EXERCISE PROMPT -
With the pictures left out, retype exactly the lines below starting at the line that contains "Homemade glazed and" and ending at the line that contains "Galaxy Z Fold".

DATA RECORDS -

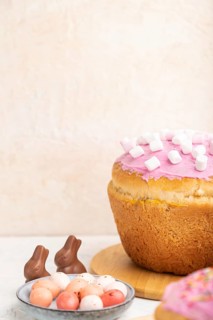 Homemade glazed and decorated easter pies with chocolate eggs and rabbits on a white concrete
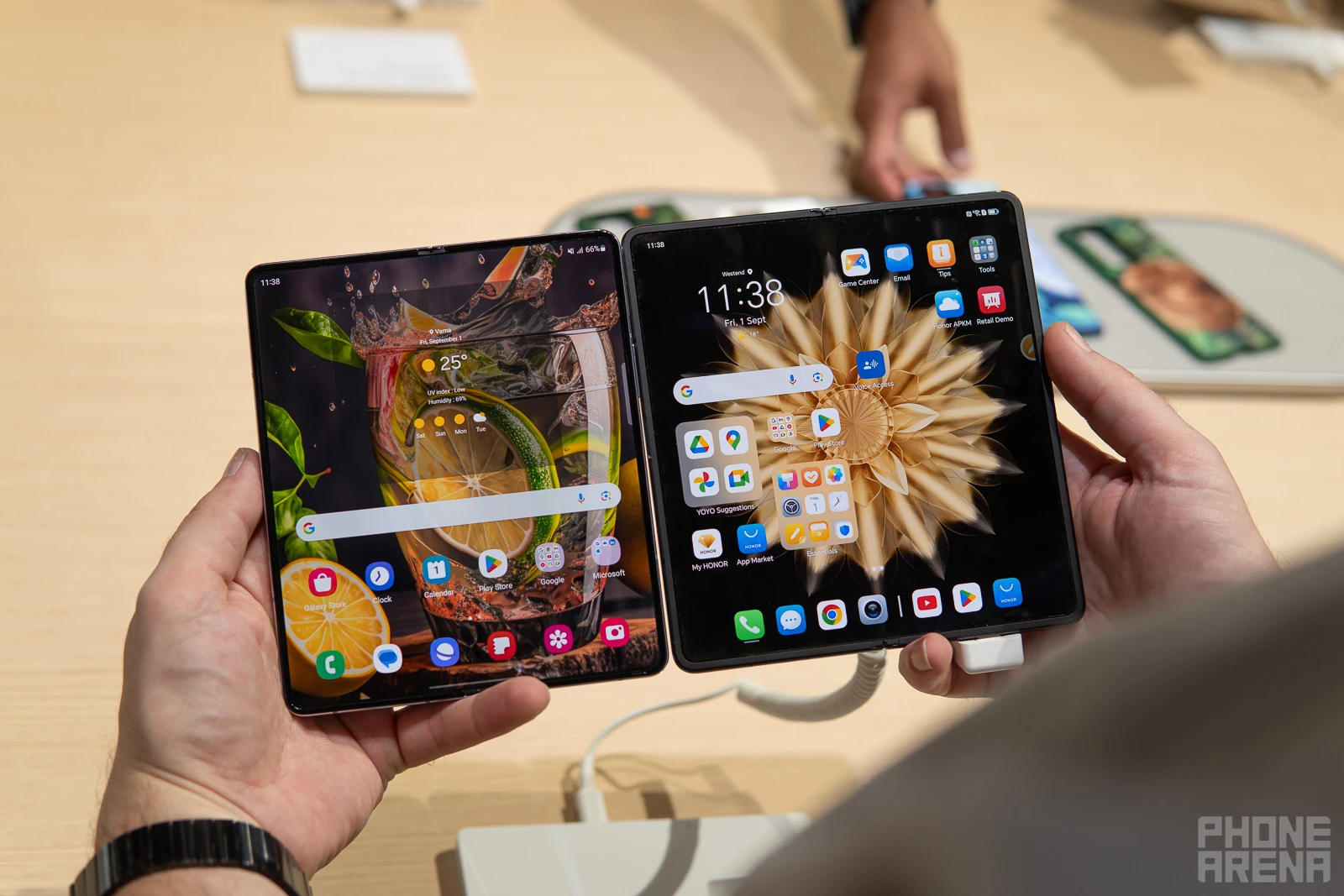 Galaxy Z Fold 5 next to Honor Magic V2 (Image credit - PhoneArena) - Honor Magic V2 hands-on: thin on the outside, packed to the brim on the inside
...
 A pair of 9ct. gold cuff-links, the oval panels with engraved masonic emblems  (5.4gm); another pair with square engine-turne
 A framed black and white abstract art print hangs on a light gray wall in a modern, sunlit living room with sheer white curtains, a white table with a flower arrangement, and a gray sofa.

RESULT -
 Homemade glazed and decorated easter pies with chocolate eggs and rabbits on a white concrete
 Galaxy Z Fold 5 next to Honor Magic V2 (Image credit - PhoneArena) - Honor Magic V2 hands-on: thin on the outside, packed to the brim on the inside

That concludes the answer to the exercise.